Meşa Selimoviç: Derviş ve Ölüm / Death and the Dervish


TANITIM:

Usta yazar Meşa Selimoviç'ten otuz değişik dile çevrilmiş, önemli edebiyat ödüllerine layık görülmüş bir başyapıt...



Boşnak yazar Selimoviç'in1967'de yayımlanan Derviş ve Ölüm adlı romanı, değişik dönemlerde birçok eleştirmenin inceleme konusu edindiği, ayrıca geçtiğimiz yıllarda bir Türk-İtalyan ortak yapımı ile sinemaya da aktarılmış olup otuz değişik dile çevrilmiş ve birçok önemli edebiyat ödülüne layık görülmüştü. Kitap, MEB'in tavsiye ettiği 100 Temel Eser listesinde de yer alıyor.
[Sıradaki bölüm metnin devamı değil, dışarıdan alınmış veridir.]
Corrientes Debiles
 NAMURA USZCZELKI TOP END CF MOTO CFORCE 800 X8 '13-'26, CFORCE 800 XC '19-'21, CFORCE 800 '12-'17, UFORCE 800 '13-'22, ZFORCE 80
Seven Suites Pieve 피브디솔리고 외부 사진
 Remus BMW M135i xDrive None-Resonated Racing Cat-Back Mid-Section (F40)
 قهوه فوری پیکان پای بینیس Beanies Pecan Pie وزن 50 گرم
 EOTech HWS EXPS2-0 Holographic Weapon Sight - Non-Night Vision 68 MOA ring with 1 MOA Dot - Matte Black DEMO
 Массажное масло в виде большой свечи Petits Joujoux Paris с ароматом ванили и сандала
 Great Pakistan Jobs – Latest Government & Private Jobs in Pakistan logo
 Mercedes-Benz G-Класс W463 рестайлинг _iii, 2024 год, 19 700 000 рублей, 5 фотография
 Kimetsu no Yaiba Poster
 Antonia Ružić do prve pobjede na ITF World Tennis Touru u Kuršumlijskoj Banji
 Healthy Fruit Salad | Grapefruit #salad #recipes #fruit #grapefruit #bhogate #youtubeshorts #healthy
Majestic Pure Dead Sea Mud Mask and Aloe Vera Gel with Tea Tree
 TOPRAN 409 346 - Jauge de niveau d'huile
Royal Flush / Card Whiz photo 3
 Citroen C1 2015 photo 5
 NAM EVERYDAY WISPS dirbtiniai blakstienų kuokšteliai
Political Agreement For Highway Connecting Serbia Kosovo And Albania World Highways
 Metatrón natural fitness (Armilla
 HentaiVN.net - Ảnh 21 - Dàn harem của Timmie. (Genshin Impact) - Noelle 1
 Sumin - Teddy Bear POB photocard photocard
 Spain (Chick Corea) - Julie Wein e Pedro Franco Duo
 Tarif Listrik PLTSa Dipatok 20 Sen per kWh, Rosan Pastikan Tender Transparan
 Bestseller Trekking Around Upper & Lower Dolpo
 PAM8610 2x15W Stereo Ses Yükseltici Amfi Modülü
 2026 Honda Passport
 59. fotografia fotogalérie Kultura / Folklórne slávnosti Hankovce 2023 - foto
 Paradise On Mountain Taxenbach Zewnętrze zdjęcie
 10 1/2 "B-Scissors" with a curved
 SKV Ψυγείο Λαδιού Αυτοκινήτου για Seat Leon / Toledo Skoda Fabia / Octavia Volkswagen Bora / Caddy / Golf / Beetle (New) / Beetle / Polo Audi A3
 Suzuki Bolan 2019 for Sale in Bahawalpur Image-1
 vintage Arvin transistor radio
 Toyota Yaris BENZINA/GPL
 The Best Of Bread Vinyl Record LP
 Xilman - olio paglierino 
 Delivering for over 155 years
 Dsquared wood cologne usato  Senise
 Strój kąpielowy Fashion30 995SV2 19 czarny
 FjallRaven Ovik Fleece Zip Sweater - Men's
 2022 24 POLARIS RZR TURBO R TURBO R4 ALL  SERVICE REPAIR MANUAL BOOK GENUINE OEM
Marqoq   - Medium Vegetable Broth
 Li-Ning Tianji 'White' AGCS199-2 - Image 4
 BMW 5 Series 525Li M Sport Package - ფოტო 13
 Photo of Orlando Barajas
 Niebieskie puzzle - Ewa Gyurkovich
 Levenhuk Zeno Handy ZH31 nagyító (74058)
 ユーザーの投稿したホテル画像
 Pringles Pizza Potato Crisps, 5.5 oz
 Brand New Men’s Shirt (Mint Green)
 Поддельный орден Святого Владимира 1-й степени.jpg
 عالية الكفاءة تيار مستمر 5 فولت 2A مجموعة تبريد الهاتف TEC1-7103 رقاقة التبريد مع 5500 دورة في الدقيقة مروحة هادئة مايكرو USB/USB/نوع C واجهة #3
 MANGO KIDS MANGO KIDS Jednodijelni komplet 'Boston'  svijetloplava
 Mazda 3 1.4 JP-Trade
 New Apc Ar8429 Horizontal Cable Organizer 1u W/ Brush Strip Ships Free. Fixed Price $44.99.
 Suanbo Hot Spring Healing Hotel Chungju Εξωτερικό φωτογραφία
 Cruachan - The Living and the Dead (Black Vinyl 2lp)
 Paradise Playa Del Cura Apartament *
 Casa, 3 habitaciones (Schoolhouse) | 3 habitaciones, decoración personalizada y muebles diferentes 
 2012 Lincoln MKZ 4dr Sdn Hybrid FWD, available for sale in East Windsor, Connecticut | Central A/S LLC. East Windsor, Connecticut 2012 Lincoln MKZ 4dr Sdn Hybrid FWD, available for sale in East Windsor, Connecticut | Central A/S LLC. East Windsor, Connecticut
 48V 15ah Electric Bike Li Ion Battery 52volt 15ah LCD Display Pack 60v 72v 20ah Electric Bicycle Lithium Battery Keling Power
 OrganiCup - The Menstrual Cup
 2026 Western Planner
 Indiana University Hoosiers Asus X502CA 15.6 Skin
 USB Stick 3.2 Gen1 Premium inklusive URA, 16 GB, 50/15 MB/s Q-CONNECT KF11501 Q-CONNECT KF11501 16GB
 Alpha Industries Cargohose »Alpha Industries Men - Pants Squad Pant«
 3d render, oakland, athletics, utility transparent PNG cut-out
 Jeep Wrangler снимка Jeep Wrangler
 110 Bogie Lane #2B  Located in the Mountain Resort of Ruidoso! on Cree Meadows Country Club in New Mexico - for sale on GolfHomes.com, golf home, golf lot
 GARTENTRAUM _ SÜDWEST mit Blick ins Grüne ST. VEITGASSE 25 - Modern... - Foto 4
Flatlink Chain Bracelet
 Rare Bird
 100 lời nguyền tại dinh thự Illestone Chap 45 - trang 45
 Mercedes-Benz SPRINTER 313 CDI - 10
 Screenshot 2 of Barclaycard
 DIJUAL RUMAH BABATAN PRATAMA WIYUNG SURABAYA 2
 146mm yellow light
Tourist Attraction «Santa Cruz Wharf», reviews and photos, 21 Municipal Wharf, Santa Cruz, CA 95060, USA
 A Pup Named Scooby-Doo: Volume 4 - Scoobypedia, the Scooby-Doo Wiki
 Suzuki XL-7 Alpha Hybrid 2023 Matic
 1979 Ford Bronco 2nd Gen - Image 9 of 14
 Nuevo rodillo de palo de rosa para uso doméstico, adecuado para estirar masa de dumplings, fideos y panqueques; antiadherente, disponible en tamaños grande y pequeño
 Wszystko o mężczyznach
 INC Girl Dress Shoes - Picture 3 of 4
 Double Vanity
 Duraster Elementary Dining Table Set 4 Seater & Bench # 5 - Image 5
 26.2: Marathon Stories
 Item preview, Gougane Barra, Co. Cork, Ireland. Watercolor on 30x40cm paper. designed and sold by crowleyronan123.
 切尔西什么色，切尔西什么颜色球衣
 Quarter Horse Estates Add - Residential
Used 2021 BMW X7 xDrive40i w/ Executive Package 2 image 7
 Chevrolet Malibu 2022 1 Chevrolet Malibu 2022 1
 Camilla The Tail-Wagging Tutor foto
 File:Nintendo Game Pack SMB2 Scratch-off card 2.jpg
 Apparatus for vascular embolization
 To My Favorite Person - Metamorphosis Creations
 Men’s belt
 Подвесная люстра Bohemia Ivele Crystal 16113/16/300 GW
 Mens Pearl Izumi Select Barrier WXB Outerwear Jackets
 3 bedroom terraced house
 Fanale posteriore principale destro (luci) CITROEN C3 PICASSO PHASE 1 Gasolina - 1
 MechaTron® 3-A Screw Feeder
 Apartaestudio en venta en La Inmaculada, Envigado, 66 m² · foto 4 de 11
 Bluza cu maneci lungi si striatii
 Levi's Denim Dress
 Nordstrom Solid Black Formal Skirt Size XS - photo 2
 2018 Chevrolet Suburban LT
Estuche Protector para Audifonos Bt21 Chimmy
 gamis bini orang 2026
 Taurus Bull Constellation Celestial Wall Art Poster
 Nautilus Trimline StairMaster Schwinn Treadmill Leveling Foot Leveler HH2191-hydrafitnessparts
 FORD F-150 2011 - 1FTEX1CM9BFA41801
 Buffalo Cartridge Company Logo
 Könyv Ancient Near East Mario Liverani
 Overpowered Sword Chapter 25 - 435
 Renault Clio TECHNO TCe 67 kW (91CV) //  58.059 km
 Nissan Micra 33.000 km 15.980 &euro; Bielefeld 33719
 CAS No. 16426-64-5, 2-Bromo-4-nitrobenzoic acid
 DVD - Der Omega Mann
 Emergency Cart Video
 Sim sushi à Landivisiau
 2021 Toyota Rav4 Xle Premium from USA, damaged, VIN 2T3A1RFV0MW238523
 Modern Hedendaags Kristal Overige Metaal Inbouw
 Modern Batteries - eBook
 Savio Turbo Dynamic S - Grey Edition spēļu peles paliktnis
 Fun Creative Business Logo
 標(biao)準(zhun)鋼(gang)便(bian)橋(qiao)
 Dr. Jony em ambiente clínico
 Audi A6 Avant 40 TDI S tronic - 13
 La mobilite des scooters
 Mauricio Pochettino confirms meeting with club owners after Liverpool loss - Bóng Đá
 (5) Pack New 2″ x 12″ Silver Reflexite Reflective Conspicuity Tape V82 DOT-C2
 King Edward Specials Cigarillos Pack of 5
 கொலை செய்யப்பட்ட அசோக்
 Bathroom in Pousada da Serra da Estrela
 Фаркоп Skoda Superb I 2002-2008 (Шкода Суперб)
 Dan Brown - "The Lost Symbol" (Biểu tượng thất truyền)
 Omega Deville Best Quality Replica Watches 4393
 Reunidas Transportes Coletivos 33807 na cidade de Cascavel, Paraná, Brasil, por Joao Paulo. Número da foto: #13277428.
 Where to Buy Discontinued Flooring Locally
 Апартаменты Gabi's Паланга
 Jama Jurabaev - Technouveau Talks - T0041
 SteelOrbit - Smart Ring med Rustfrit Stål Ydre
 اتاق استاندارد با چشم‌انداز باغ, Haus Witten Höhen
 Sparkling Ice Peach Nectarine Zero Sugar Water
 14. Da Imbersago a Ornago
Meşa Selimoviç, Derviş ve Ölüm'de mutlak dinî doğrular üzerine kurulu dünyasında yaşayan Ahmed Nureddin'in, erkek kardeşinin suçsuz yere tutuklanıp idam edilmesinden sonra düştüğü derin karmaşayı resmederken insanın ruh dünyasındaki çelişkileri, gelgitleri incelikle işler.



YORUMUM


Yazarın ağabeyi 1944'te III.Kolordu Askeri Mahkemesi tarafından kurşuna diziliyor ve bu olay bu kitabı yazmasına neden oluyor. Ama bunun için 20 yıl geçmesi gerekiyor. Kitap 1966 yılında yayımlanıyor. Yazarın hikayeyi Osmanlı döneminde işlemesi tesadüf değildir. Çünkü 1944'ler Tito dönemidir ve ondan sonraki dönemlerde rejimi eleştirmek hiç kolay değildir.
Hikaye Mevlevi Tekkesine mensup olan Şeyh Ahmed Nureddin'in yaşadıkları üzerine. Derviş olan Nureddin yaşadığı olayları sürekli sorgulamaktadır. Ölümü her olayda hayatının merkezine koyar. Bundan dolayı yaşamayan insanlara yargılamaktadır. 
Kardeşinin suçsuz yere idam edilmeden önceki düşünceleri ile idamdan sonraki düşünceleri çok farklı. Önce kardeşi ve ailesi ile ilgili sorumluluklarını irdeliyor ve kendisinin bu olaylardan ayrı tutmaya çalışıyor çünkü o daha ulvi bir amacı var. Ama zamanla anladı ki hayat başkalarıyla anlam kazanıyor ve sen bu dünyada diğerlerinden de sorumlusun. 
Hasan ile ilişkileri bana Mevlana ile Tebrizli Şems arasındaki ilişkiyi hatırlattı. Hasan onun içindeki sevgiyi temsil ediyor, Yusuf ise nefreti. Bu iki duygu arasında gelgitler oluyor ve sonunda anlıyor ki insanın kalbinde her ikisine de aynı zamanda yer yok. 
 Ölmeden önce ölmenin gerekliliğin üzerine durulmuş. Şeyh'in bildiği hayatı sonlandırması gerekiyordu bunun için Hasan ve Yusuf ona yardım ettiler. Suç, ceza, adalet, din ve otorite üzerindeki çelişkilerini yenmesi gerekiyordu. "Yargıladıklarımızla yargılanırız" sözü bu hikayeyi özetler nitelikte. O yüzden hayatımızdaki acılara sahiplenmemiz gerekiyor. Onlar bizi büyütür. Kitabı çok beğendim. Tavsiye ediyorum.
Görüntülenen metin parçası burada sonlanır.